Templeheart Films, the producing company behind Paul Hyett’s HERITIKS and Andy Edwards’ IBIZA UNDEAD, are set to unleash a new kind of monster in THE TOMBS, which has just finished filming at The London Tombs, The London Bridge Experience’s horror themed tourist attraction.

Dubbed ‘Celebrity Big Brother’ meets ‘Friday the 13th’, the gruesome slasher stars Jessica Ann Brownlie (Valley of the Witch), Jess Impiazzi (The Only Way Is Essex), Marcia do Vales (Ibiza Undead), Jessica Cameron (Truth or Dare), Akie Kotabe (Humans), Anthony Ilott (Wrong Turn 6), Ayvianna Snow (Heretiks) and Devora Wilde (Rush). It’s directed by Dan Brownlie (Self-induced Nightmares, Serial Kaller)

Synopsis: A clutch of C-list celebrities and the tabloid press have gathered at ‘The London Tombs’ to participate in a publicity stunt for a new horror movie being launched They and the cast are to take part in a filmed challenge in which their task is to find the skull of notorious necromancer Robert White. The tour guide actors are on hand to make their mission as scary as possible.

Little do they know that deep in the bowls of the building something has awoken and what starts as a night of frightful fun turns into one of intense terror when the evil entity starts stalking the claustrophobic halls of this maze of terror.

Some games just shouldn’t be played…

THE TOMBS, shot over a five week period at the end of 2016, was the first film allowed access to The London Tombs.

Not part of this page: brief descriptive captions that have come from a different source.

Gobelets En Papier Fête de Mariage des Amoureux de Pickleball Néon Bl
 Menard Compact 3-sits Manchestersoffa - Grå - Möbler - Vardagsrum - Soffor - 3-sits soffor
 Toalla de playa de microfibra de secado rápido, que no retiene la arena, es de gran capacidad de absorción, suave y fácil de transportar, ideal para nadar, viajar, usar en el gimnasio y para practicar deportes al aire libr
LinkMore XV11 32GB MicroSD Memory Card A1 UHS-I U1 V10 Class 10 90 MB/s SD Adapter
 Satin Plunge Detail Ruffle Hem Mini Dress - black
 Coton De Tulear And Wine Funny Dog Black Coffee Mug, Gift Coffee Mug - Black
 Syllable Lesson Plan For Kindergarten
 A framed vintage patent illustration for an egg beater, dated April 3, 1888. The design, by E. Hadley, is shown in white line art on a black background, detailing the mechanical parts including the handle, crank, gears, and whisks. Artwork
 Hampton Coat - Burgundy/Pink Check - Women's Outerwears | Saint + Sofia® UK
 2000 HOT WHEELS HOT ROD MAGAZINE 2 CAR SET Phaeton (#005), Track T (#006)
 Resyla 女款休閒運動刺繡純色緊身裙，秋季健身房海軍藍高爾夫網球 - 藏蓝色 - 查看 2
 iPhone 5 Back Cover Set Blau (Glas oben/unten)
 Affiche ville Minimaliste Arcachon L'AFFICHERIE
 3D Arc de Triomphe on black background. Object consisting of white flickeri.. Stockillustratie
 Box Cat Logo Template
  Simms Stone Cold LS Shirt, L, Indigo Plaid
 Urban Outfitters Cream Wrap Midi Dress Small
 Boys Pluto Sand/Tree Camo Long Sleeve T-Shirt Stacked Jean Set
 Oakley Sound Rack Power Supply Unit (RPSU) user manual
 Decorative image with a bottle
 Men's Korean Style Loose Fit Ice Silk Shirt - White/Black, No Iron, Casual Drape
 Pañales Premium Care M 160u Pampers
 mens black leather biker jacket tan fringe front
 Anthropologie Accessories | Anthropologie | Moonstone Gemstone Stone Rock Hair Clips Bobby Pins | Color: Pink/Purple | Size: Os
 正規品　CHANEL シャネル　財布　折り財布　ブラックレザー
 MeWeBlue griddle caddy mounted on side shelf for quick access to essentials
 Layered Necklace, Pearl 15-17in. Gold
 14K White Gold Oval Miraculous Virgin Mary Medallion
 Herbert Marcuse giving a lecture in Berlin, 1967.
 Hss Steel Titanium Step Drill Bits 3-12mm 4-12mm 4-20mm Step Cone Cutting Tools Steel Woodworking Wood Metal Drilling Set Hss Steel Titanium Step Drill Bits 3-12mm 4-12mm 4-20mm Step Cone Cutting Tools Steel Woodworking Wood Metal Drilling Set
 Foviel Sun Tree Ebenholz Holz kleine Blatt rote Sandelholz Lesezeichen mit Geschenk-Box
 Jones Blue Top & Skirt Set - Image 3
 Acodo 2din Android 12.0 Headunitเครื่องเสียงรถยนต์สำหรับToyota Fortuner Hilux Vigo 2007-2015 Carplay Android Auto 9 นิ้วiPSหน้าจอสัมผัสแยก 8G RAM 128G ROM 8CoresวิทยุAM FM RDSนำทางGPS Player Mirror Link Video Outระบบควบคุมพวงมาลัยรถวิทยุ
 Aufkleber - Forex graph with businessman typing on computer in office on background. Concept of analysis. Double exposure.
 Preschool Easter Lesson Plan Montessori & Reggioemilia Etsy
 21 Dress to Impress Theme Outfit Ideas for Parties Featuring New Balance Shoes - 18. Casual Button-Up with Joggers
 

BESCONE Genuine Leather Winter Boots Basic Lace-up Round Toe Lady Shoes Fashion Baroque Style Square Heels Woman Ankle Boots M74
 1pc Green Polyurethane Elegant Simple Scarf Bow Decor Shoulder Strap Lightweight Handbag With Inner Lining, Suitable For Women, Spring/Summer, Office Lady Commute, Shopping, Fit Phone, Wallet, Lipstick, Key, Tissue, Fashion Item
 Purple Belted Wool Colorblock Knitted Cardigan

Director Dan Brownlie commented: “We were incredibly privileged to be allowed to film there. considering this was the first time that the attraction has ever allowed third party photography of any kind to take place. It was an fantastic opportunity not to be missed”

 

 

Producer Rachel Gold added: “With the success of attractions like ‘Secret Cinema’ and, the growth of interactive genre experiences, it was a great opportunity to create a movie where the actual film location is open to the public to experience for themselves what our film’s characters are going through.”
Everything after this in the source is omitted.